Study material START
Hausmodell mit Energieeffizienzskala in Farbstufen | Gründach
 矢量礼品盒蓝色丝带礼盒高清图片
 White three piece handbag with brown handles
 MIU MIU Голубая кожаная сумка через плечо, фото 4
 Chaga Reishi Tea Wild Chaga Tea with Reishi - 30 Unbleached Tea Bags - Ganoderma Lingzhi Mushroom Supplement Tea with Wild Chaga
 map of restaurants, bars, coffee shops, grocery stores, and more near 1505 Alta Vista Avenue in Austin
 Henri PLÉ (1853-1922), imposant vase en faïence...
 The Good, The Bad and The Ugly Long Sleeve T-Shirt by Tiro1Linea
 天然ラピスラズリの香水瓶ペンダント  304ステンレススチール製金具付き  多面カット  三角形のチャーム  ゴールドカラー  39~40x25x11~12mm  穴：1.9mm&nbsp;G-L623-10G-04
Study material END
[Task brief] Only lines of the data holding the word "with" go in the answer. Please copy each of them.

[Solution]
 White three piece handbag with brown handles
 Chaga Reishi Tea Wild Chaga Tea with Reishi - 30 Unbleached Tea Bags - Ganoderma Lingzhi Mushroom Supplement Tea with Wild Chaga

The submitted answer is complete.